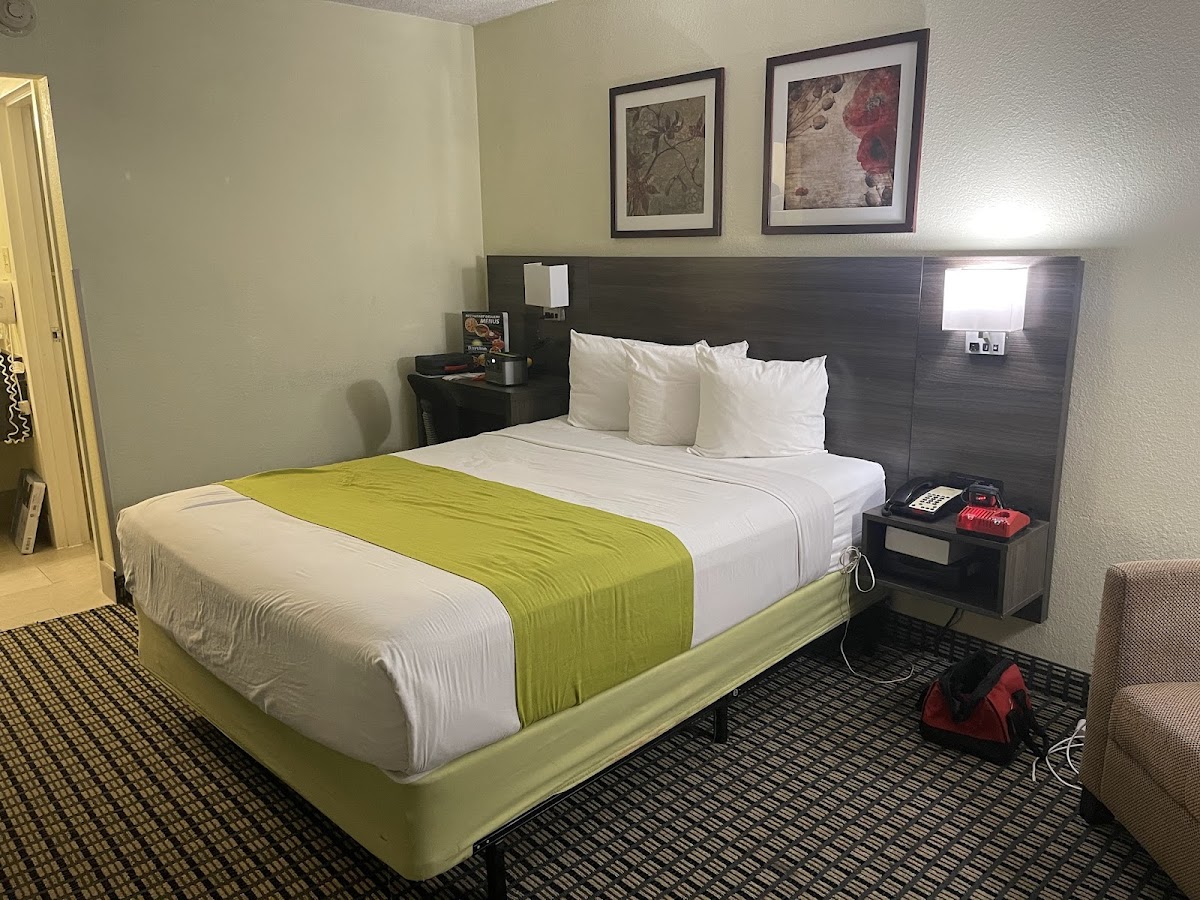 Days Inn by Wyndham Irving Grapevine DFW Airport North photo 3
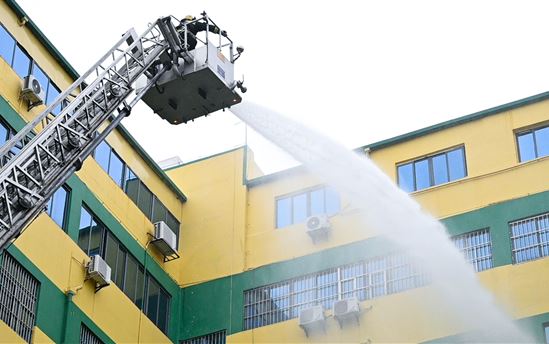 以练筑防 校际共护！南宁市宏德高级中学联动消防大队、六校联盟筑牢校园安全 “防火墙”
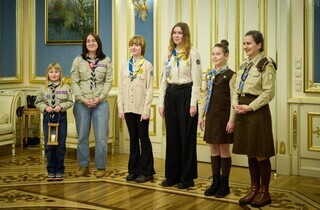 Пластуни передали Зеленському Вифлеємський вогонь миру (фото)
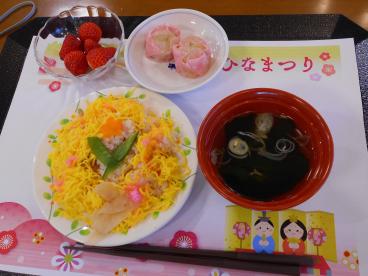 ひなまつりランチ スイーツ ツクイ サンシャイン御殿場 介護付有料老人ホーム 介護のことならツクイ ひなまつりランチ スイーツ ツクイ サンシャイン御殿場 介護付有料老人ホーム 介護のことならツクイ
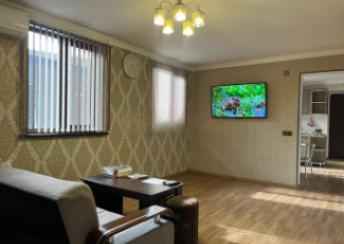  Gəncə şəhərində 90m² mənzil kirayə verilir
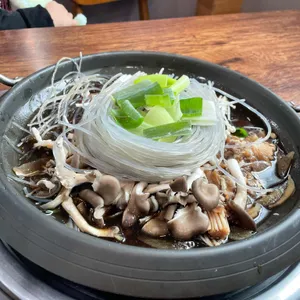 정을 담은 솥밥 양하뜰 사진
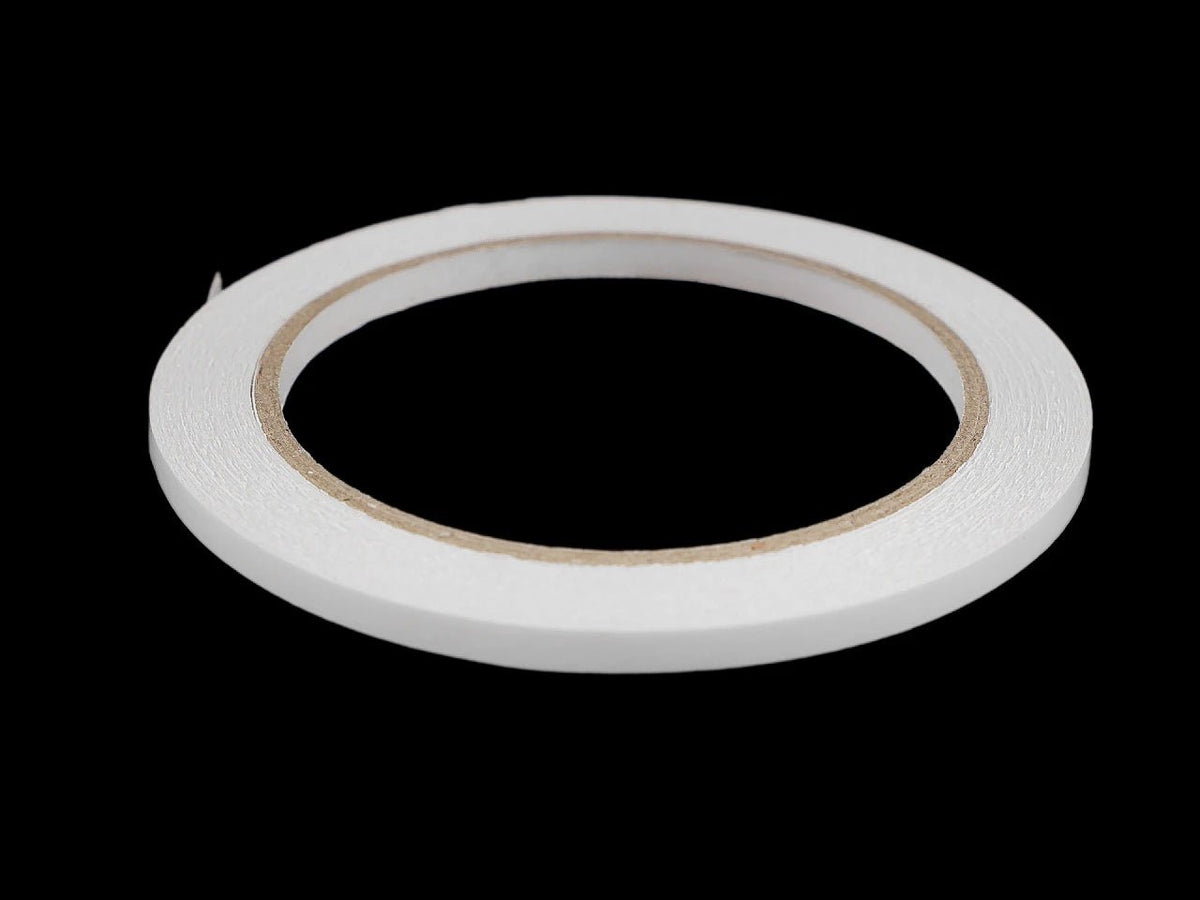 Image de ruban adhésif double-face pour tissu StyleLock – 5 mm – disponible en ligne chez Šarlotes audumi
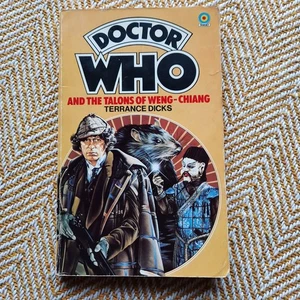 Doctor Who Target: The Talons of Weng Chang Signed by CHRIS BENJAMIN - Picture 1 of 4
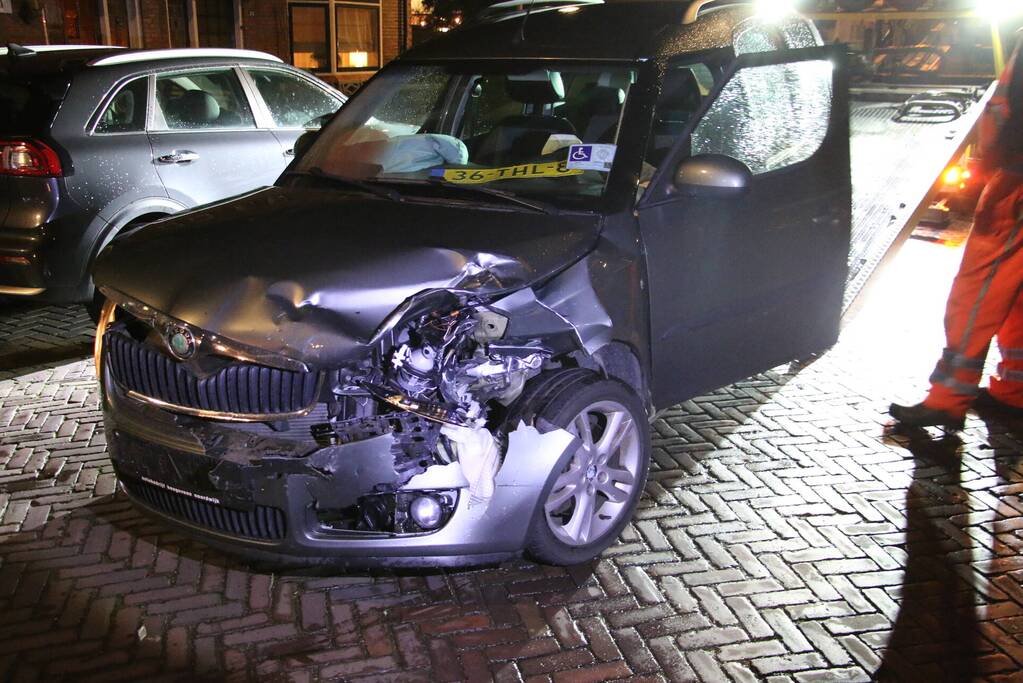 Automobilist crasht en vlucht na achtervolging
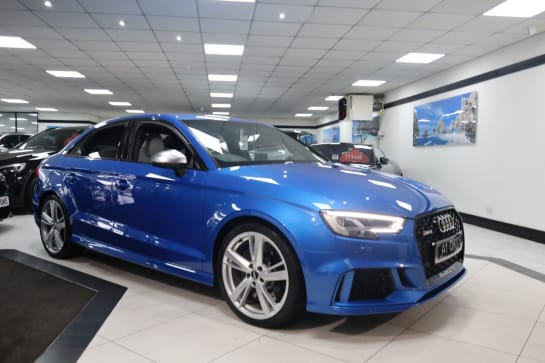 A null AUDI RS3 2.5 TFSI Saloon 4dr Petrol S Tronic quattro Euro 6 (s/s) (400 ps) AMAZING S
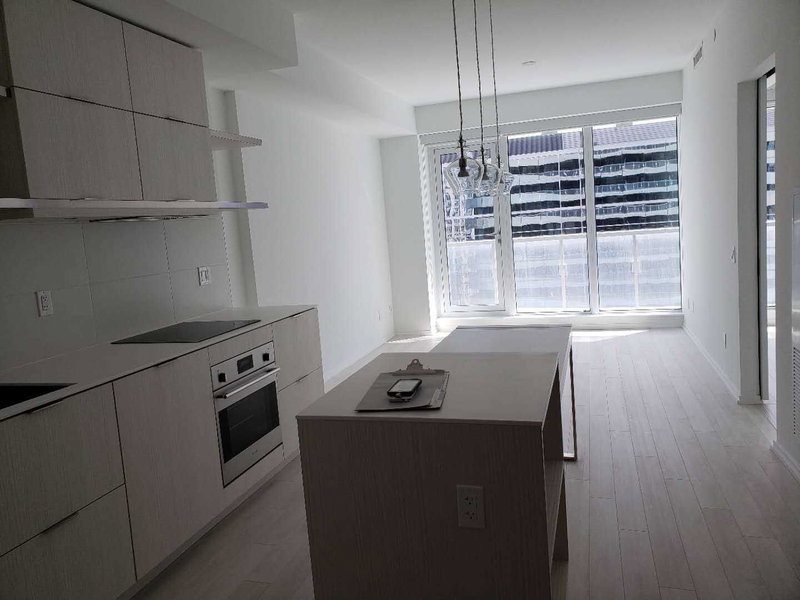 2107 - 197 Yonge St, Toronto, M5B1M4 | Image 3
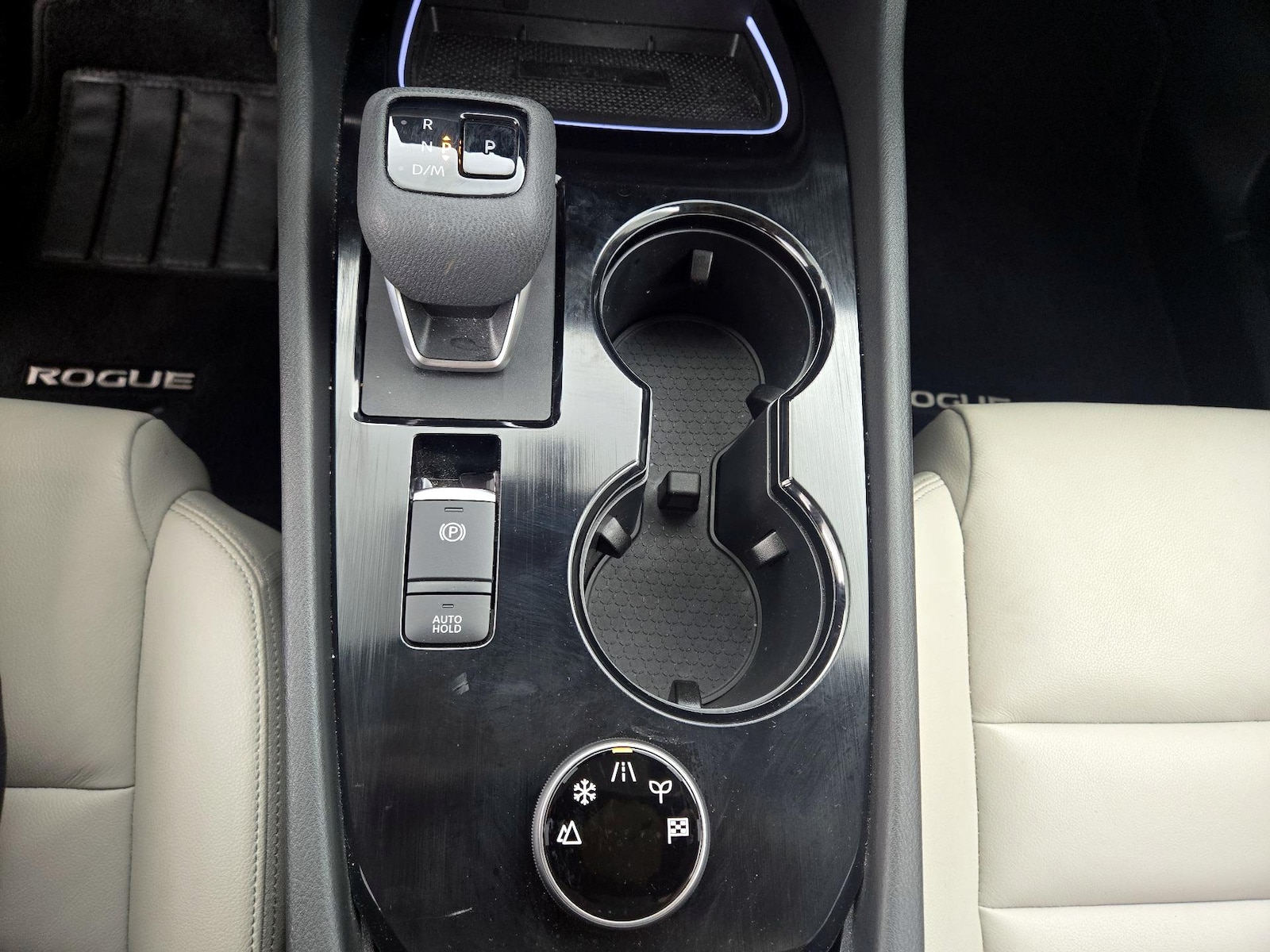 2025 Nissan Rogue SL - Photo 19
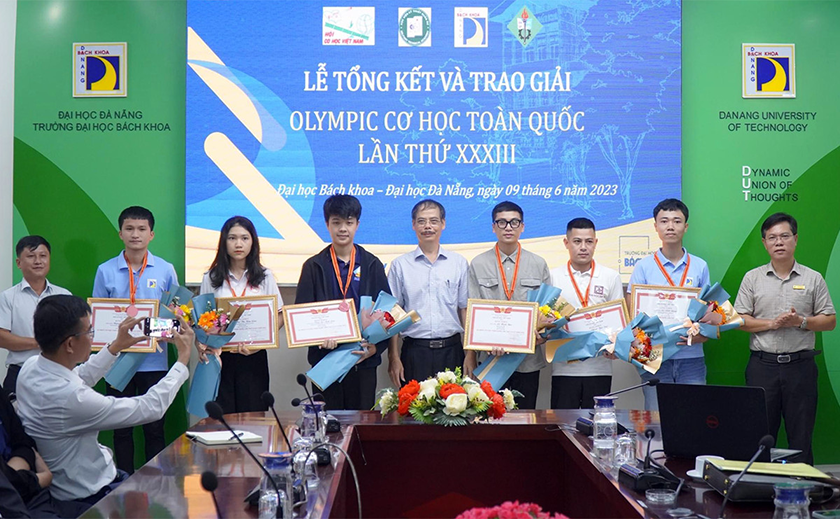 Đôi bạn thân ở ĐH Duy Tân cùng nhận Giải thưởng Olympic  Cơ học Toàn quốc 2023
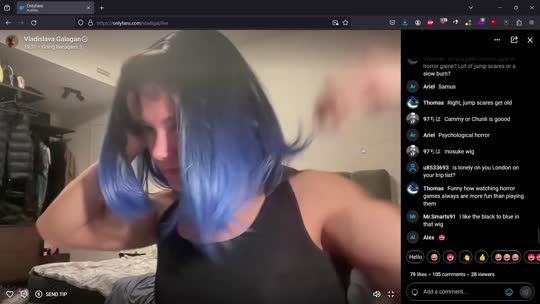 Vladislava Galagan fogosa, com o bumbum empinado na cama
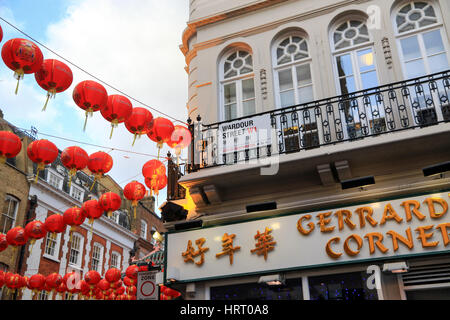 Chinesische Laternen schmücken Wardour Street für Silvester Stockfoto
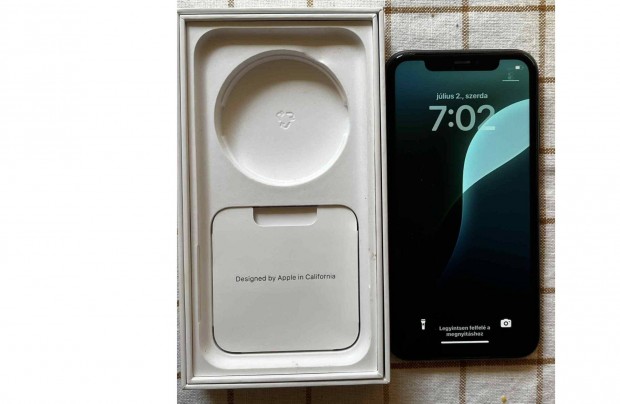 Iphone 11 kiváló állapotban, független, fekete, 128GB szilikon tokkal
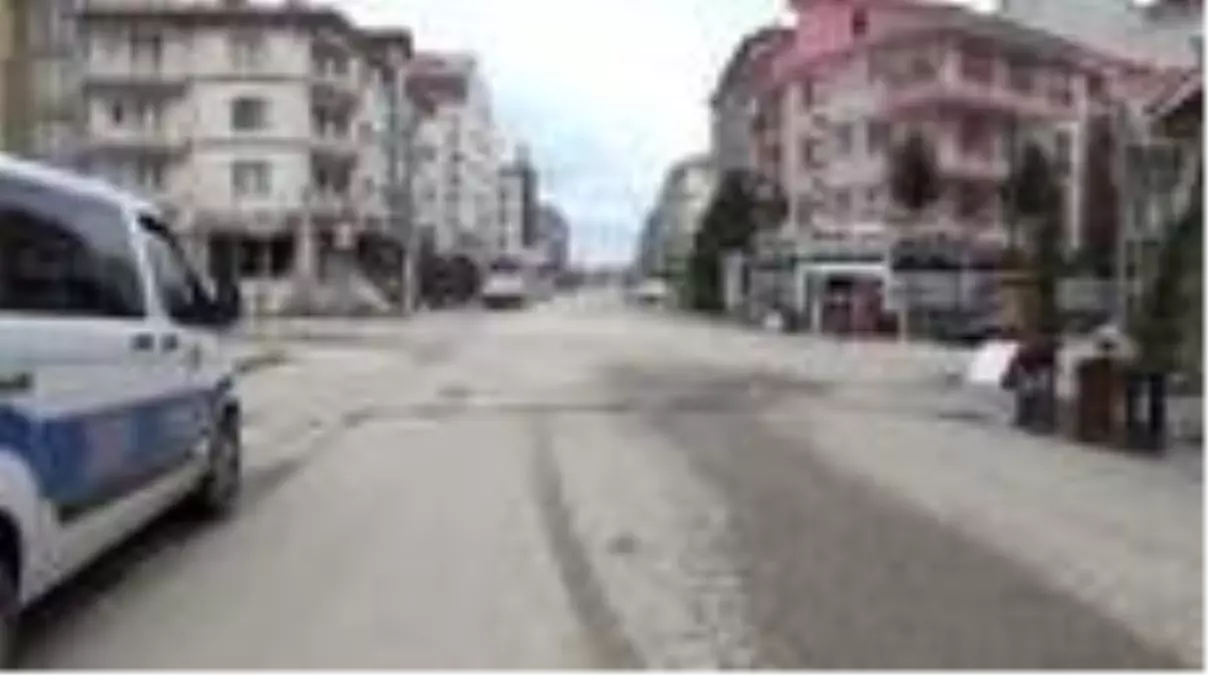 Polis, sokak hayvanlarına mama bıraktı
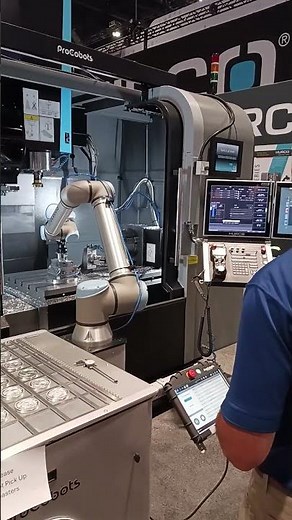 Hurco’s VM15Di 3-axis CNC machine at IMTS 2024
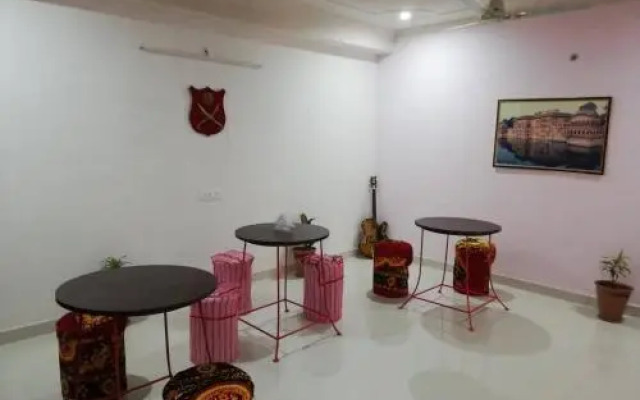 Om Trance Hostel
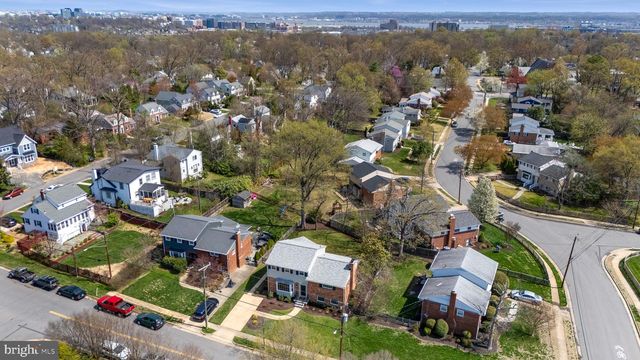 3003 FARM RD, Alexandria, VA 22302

◆ ◆ ◆ ◆ ◆ ◆ ◆

=== WHAT THE TASK REQUIRES ===
Within the listing above, write out the stretch from the line with "ひなまつりランチ スイーツ ツクイ サンシャイン御殿場 介護付有料老人ホーム 介護のことならツクイ ひなまつりランチ" through the line with "Automobilist crasht en" exactly. Any pictures are to be left out.

=== TASK RESPONSE ===
 ひなまつりランチ スイーツ ツクイ サンシャイン御殿場 介護付有料老人ホーム 介護のことならツクイ ひなまつりランチ スイーツ ツクイ サンシャイン御殿場 介護付有料老人ホーム 介護のことならツクイ
  Gəncə şəhərində 90m² mənzil kirayə verilir
 정을 담은 솥밥 양하뜰 사진
 Image de ruban adhésif double-face pour tissu StyleLock – 5 mm – disponible en ligne chez Šarlotes audumi
 Doctor Who Target: The Talons of Weng Chang Signed by CHRIS BENJAMIN - Picture 1 of 4
 Automobilist crasht en vlucht na achtervolging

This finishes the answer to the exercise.